Lors du Forum pour la paix, à Paris, Emmanuel Macron a prévenu que des décisions seraient annoncées prochainement sur la lutte contre les groupes djihadistes.
Comment reprendre la main dans la zone dite « des trois frontières » – Burkina Faso, Mali, Niger – où les groupes djihadistes s’enracinent et intensifient leur activité militaire face à des armées locales incapables de contenir les assauts ? Face à l’urgence, de nouvelles pistes ont été tracées lors d’un déjeuner organisé, mardi 12 novembre, à Paris par Emmanuel Macron avec trois de ses homologues du Tchad, du Mali et du Niger présents au Forum pour la paix.
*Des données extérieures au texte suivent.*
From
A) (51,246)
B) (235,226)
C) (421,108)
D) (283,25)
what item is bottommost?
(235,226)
Selon le chef de l’Etat français, cette rencontre a permis « d’avancer sur la situation sécuritaire dans chacun de ces pays (…). Je crois que l’on a commencé à dessiner des décisions que nous allons prendre dans les prochaines semaines pour reconcentrer la force conjointe sur le fuseau central (Niger, Mali, Burkina Faso) ». Selon une source proche du dossier, « les différentes parties concernées sont tombées d’accord sur la priorité à accorder à la zone des trois frontières ». « Il faut systématiser la présence militaire dans cette zone », ajoute-t-elle. Il y a quelques jours pourtant, l’armée malienne a annoncé qu’elle se retirait de plusieurs emprises militaires jugées trop vulnérables sur la frontière avec le Burkina Faso.
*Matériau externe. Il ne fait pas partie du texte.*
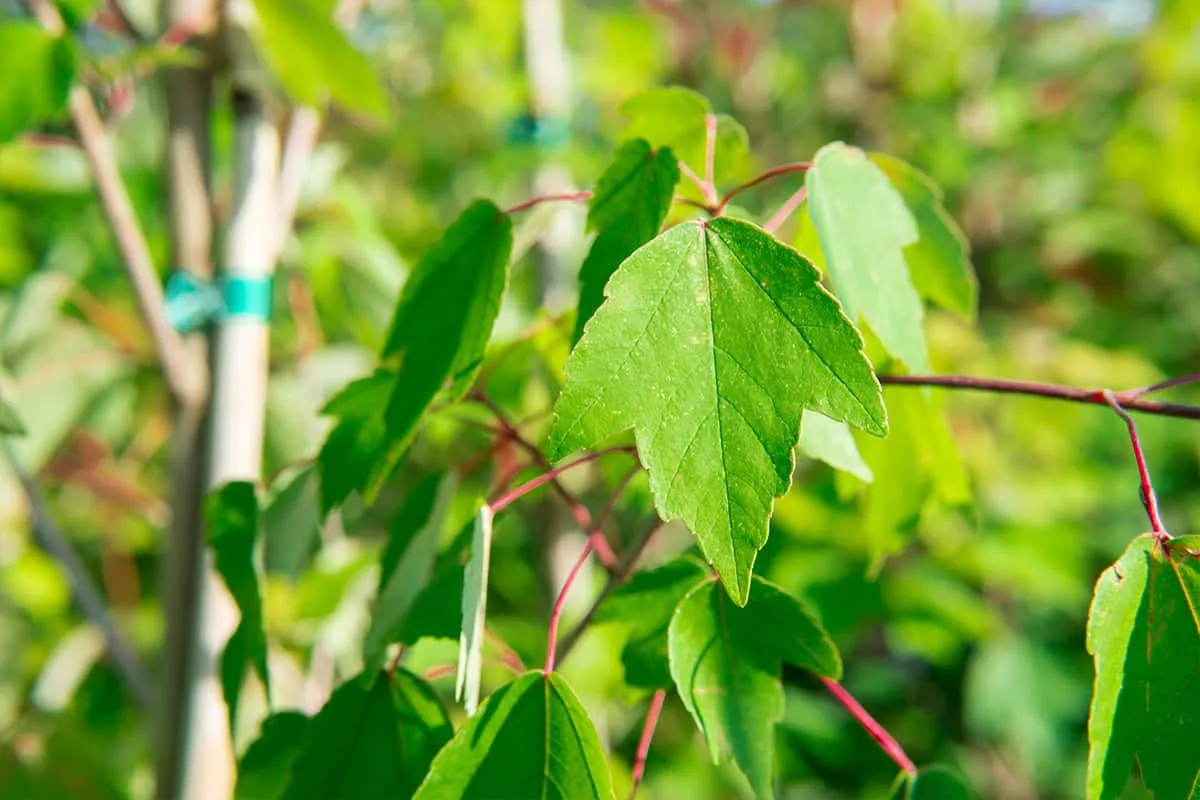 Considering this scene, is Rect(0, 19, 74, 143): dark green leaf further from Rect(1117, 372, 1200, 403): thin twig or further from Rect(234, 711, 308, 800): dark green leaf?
Rect(1117, 372, 1200, 403): thin twig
Concrètement, parmi « les parties concernées » – autrement dit les membres de la Force conjointe G5 Sahel (FC G5S, Mauritanie, Mali, Burkina Faso, Niger, Tchad) –, le Tchad aurait donné son accord pour « mettre le paquet sur le fuseau centre, accompagné de “Barkhane” », indique notre source. Tchadiens et Français ont déjà mené des opérations conjointes au Mali, notamment dans le nord, lors de l’intervention française « Serval », en 2013.
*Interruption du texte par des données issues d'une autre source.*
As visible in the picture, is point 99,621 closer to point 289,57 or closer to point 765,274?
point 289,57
D’où viendront les soldats tchadiens ? Actuellement, 1 450 d’entre eux sont certes déployés au Mali, mais sous pavillon onusien dans le cadre de la Minusma (12 500 militaires au total), une mission de maintien de la paix et non de combat contre les djihadistes. Le Tchad fait également partie de la Force conjointe G5 Sahel (5 000 hommes au total) mais sa zone d’intervention est théoriquement située plus à l’est, sur la frontière nigéro-tchadienne. Par ailleurs, le président tchadien Idriss Déby a plusieurs fois menacé de se retirer du Mali si les promesses de financement de la FC G5S n’étaient pas tenues. Elles ne le sont toujours pas.
Pallier les insuffisances
Dans un rapport remis mardi au Conseil de sécurité, le secrétaire général des Nations unies, Antonio Guterres, regrette ainsi « le manque persistant de matériel et de formation » de la force conjointe. A l’instar des cinq pays concernés, il souligne le besoin « d’un soutien accru » de la part de la communauté internationale. En coulisses toutefois, des diplomates occidentaux critiquent le manque de volonté et d’engagement politique des autorités locales, principalement au Mali et au Burkina Faso. Pour exemple, le contingent de ce dernier pays au sein de la Minusma est le plus nombreux de tous les participants (1 750 hommes) alors que ses forces de sécurité sont aux abois dans leur pays. Parallèlement, Ouagadougou n’a toujours pas désigné ses unités affectées à la FC G5S.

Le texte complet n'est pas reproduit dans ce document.